Alberta oil well in canola fieldThe differential on Canadian heavy crude widened slightly on Tuesday as the monthly trading window drew to a close:

  •  Western Canada Select (WCS) heavy blend crude for August delivery in Hardisty, Alberta, settled at $9.50 per barrel below West Texas Intermediate (WTI) oil, according to Net Energy Exchange. On Monday, WCS for August delivery settled at $9.15 a barrel below WTI crude futures.
  •  The benchmark heavy discount remained in sight of the narrowest differential in three months that was reached the previous day. An industry source said the tight discount was mainly due to traders adjusting positions as the monthly trade cycle wrapped up.
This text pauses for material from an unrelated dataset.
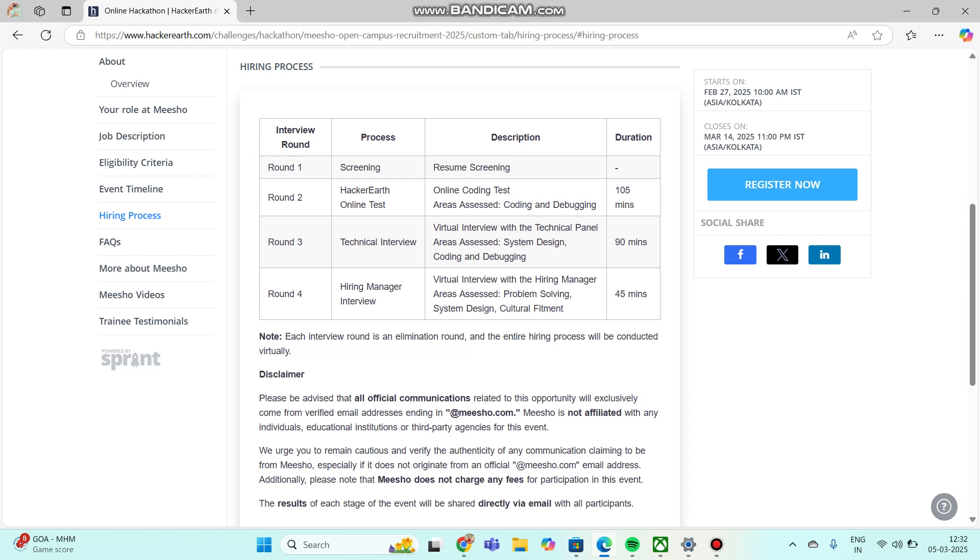The entire hiring process will be conducted virtually.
  • Tuesday is the last day of the 2-1/2-week-long Canadian crude market trade cycle, which runs from the first of each month until the day before pipeline nominations on the Enbridge Mainline system take place.
  • Production from Alberta, Canada’s main crude-producing province, is capped at 3.74 million barrels per day in August as a result of government curtailments introduced to ease pipeline congestion.* Light synthetic crude from the oil sands for August delivery settled at $1 a barrel over WTI, gaining slightly from Monday’s settle of 80 cents per barrel over the benchmark.
  • U.S. WTI crude fell $1.96 to $57.62 a barrel, falling more than 3% after U.S. President Donald Trump said progress has been made with Iran, signaling tensions could ease in the Middle East.